Em conversa com a Sputnik Brasil, juristas se dividem sobre a procedência da medida. A argumentação acatada por Moraes se baseia em tentativas frustradas de contato por parte da PF com o aplicativo.
“O Telegram é notoriamente conhecido por sua postura de não cooperar com autoridades judiciais e policiais de diversos países, inclusive colocando essa atitude não colaborativa como uma vantagem em relação a outros aplicativos de comunicação”, declarou a polícia.
Na noite de 18/03, Durov publicou uma mensagem em seu canal do Telegram pedindo desculpas ao STF e mais alguns dias para que cumprisse todas as determinações das autoridades brasileiras. “Poderemos processar com eficiência as solicitações de remoção de canais públicos ilegais no Brasil”, disse o empresário.
Bloqueio do Telegram é aceitável?
Para a advogada Samara Castro, especialista em direito digital e membro da ABRADEP, a decisão de estrangular o acesso ao aplicativo é inócua. “Existem dois aspectos com relação à questão do Telegram. Primeiro é o aspecto jurídico no sentido de que essa é uma decisão que ultrapassa os limites daquilo que o STF teria competência para fazer dentro de um processo como esse. Especialmente quando a gente pensa em uma lógica de que é um processo administrativo que tem consequências bastante pesadas. O segundo aspecto é o da eficácia de uma medida como essa porque qual o fim que se busca com o bloqueio do Telegram? O combate à desinformação. Mas o Telegram não é o único canal onde a desinformação está colocada”, criticou ela.

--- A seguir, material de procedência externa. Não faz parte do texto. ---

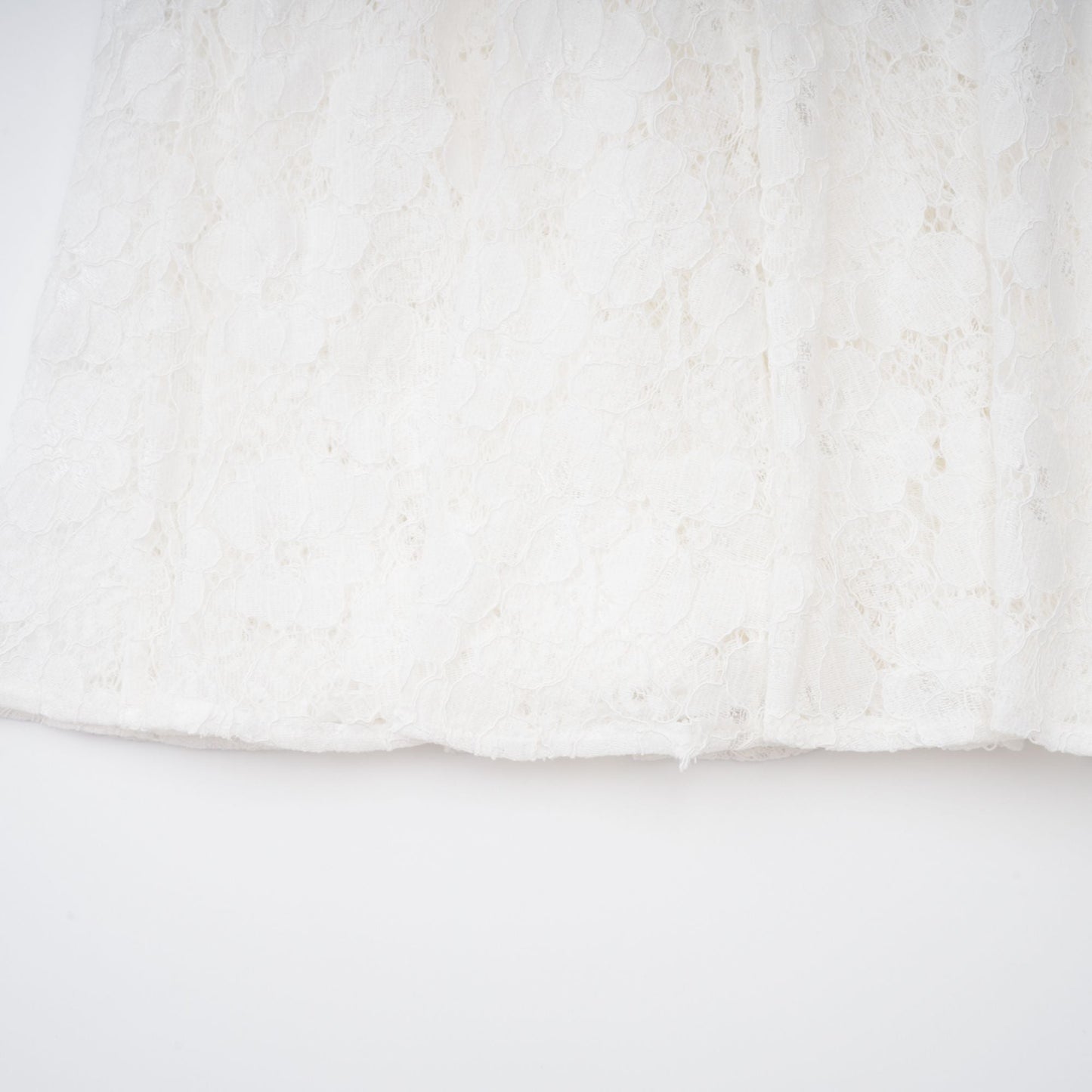 Bronte White Pleated Floral Lace Midi Dress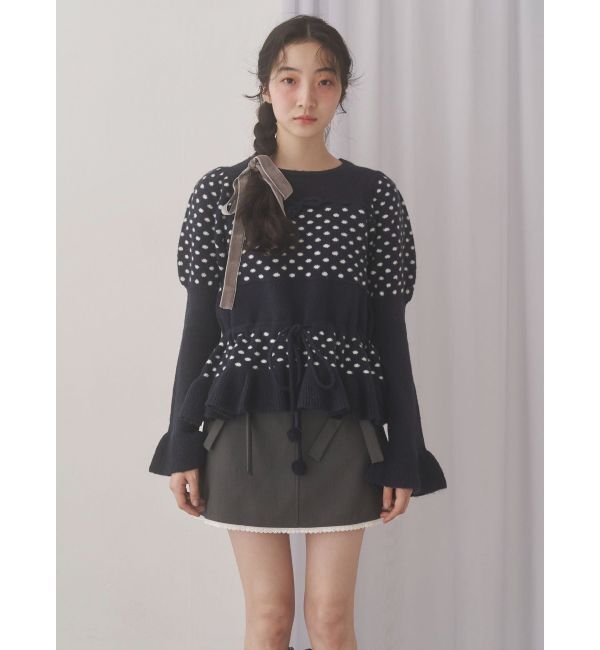 merry jenny「ribbon lace mini skirt」|スカート|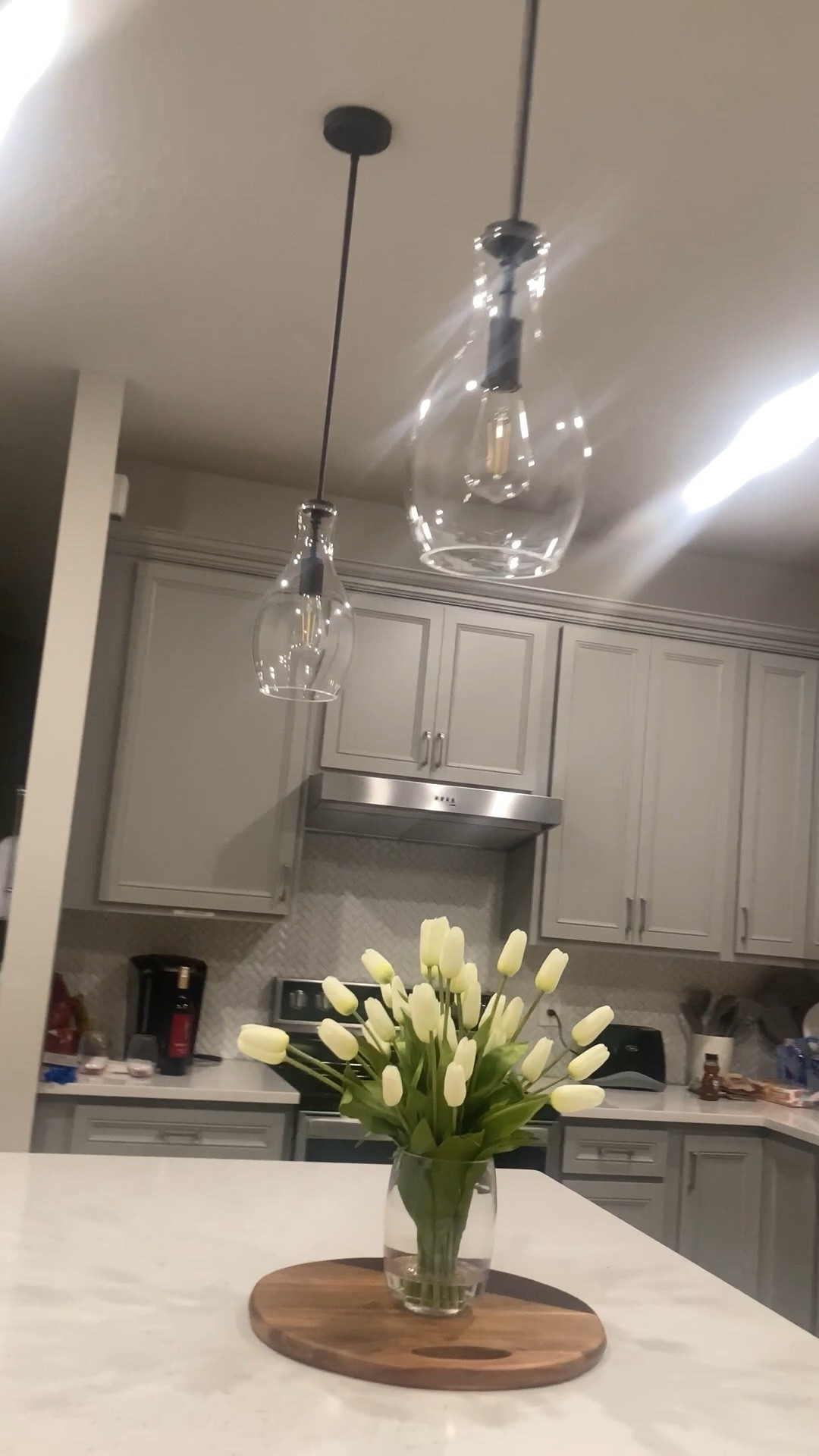Who else believes the right lighting completely transforms your kitchen vibe?  These sleek over-the-counter light fixtures instantly make your space feel warm, modern, and oh-so-inviting!  #ltkhomedecor

#LTKStyleTip #LTKHome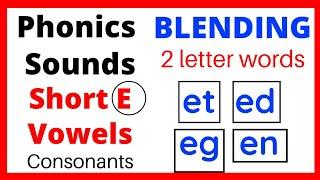 Phonics two letter words, #Blending, learn Phonics Fast, Preschool Learning, the #phonics song, abc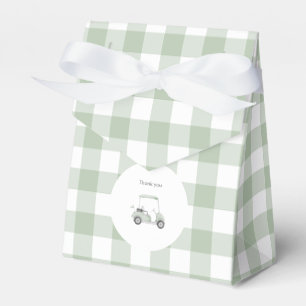 Sage green golf favor box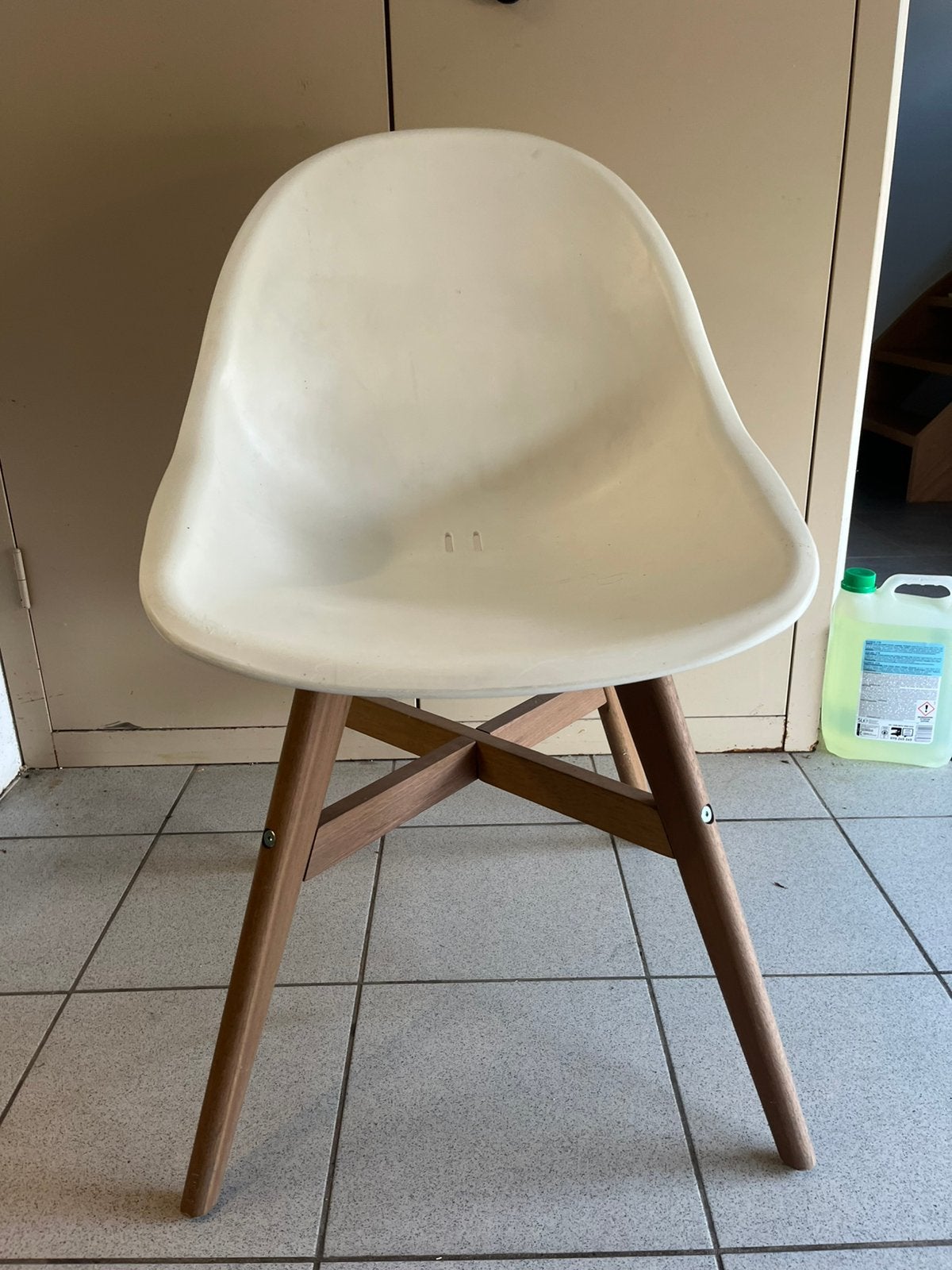Lot de 2 chaises, Maison & Meubles, Enlèvement, Comme neuf, Blanc, Deux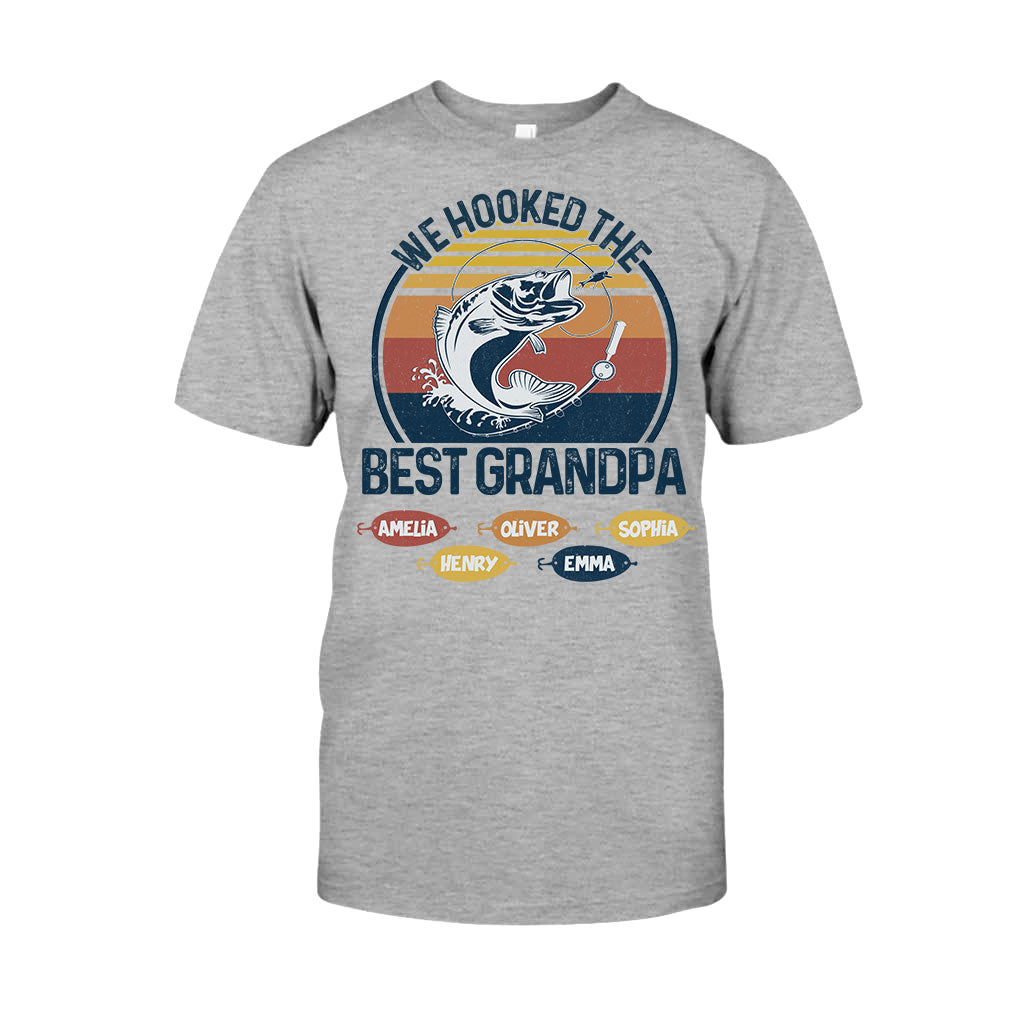 We Hooked The Best Dad Fishing Dad Grandpa - Fishing gift for dad, grandpa - Personalized T-shirt And Hoodie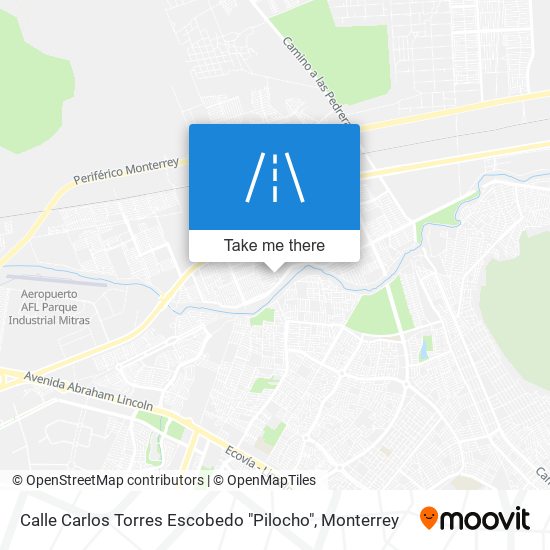 Mapa de Calle Carlos Torres Escobedo "Pilocho"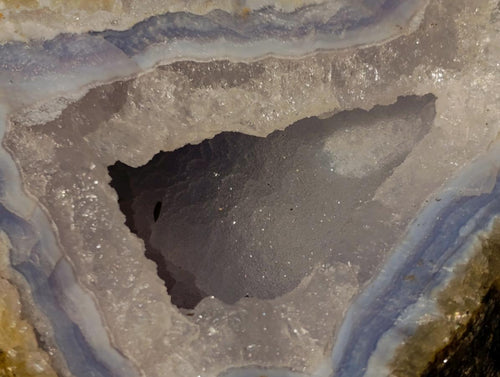 Natural Large Blue Lace Agate Geode Specimens x 2 From Nsanje, Malawi - Toprock Gemstones and Minerals 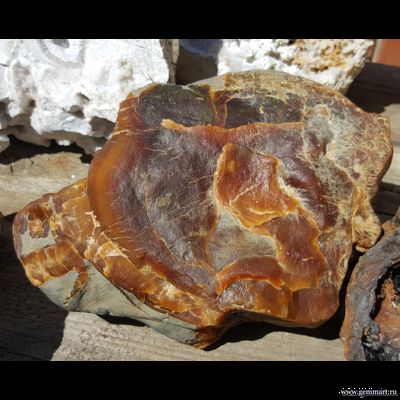 Симбирцит (Кальцит) — галтовка рекой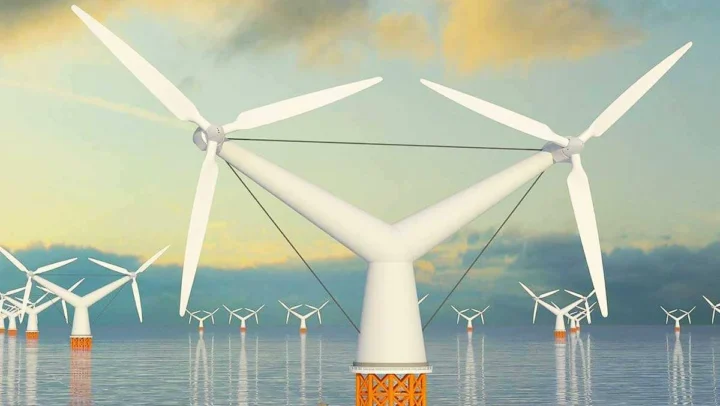 Une ingénieure conçoit une turbiner éolienne flottante innovante à double rotor, sans ancrage 3 1760348970 334 Une ingenieure concoit une turbiner eolienne flottante innovante a double.webp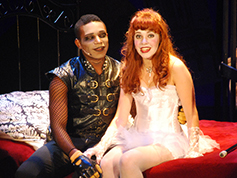 Students performing in UWF Theatres production of The Threepenny Opera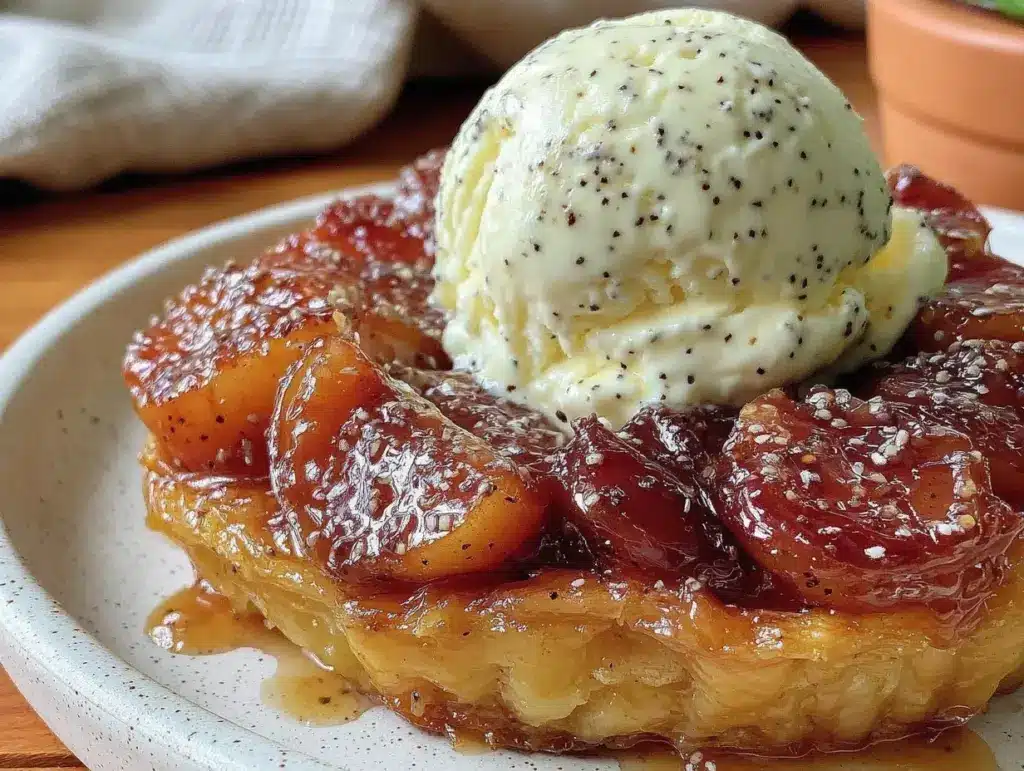 nectarine brown butter tarte tatin - featured image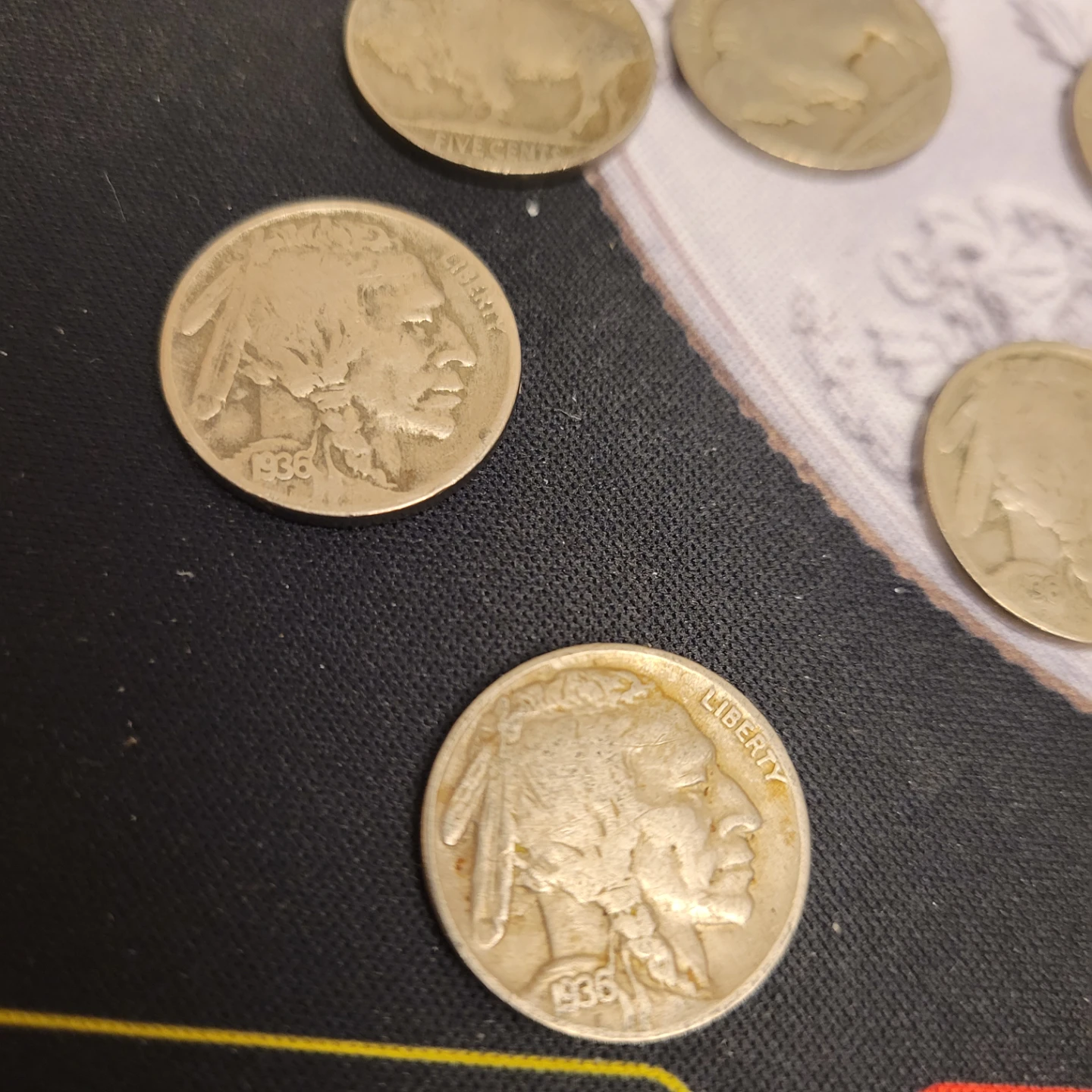 Lot of Vintage Buffalo Nickels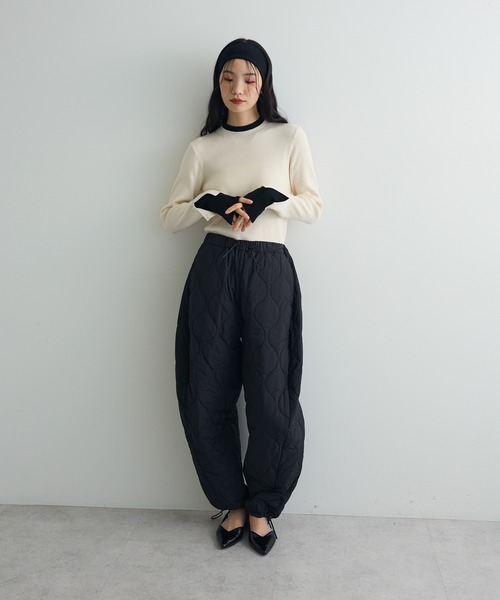 AnriettMusee(アンリエットミュゼ)の「ダブルカフスモックネック配色ニット(ニット/セーター・レディース・アイボリー/ブラウン/レッド/ブラック・FREE)」の11枚目の写真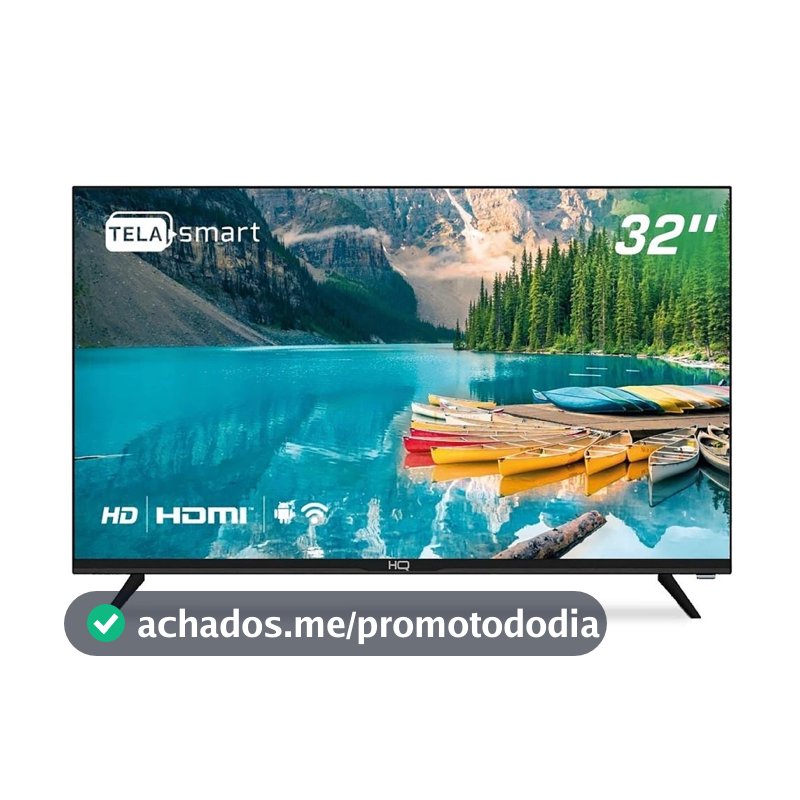 📺 Smart TV HQ LED HD 32" HQS32NKHM | Smart + Monitor 📺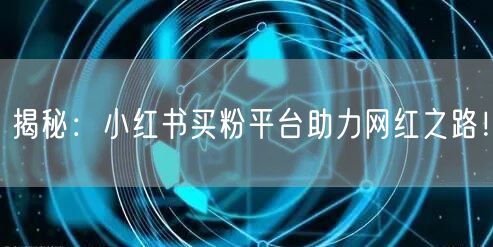 揭秘:小红书买粉平台助力网红之路!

Castro prossegue dizendo que mesmo a falta de representação no Brasil e a ausência de respostas da plataforma às autoridades não justificam a medida. “Em que pese a gente colocar vários argumentos, como a não-representação no Brasil, a falta de respostas da plataforma, o que se busca ao fim é o combate à desinformação. Mas o combate à desinformação não se dá em uma única plataforma, não se dá com um bloqueio, e não se dá com argumentos que, na verdade, desconstituiriam parte da Internet. Porque se a gente for olhar os aplicativos, hoje, praticamente mais de 90% não têm representação no Brasil. O que deveria nos preocupar é sobre como a gente vai lidar com essa desinformação desenfreada em todas as plataformas. E quais são as medidas que vamos exigir delas”, argumentou.
Ela lembrou, também, da falta de compromisso de empresas de tecnologia que mantêm sede no Brasil, mas que relutam para tirar conteúdo mentiroso das suas plataformas, e disse que é exagerado aplicar multa em quem usar o serviço de VPN (rede privada virtual, na sigla em inglês, que criptografa e disfarça a identidade dos usuários na Internet).
“Mesmo aquelas que têm representação no Brasil, como Meta, Google e outras, não estão com um compromisso totalmente firmado e transparente de cumprimento de decisões judiciais. Nem mesmo de combate à desinformação e todas as medidas exigidas de transparência, de governança. Inclusive nem trabalhamos com a base mínima de exigências que são colocadas na Europa, por exemplo. O problema é muito mais abaixo do que o bloqueio de uma ou outra plataforma. Além disso, a medida de multa de R$ 100 mil para quem usar VPN para acessar o aplicativo é desproporcional”, finalizou a advogada.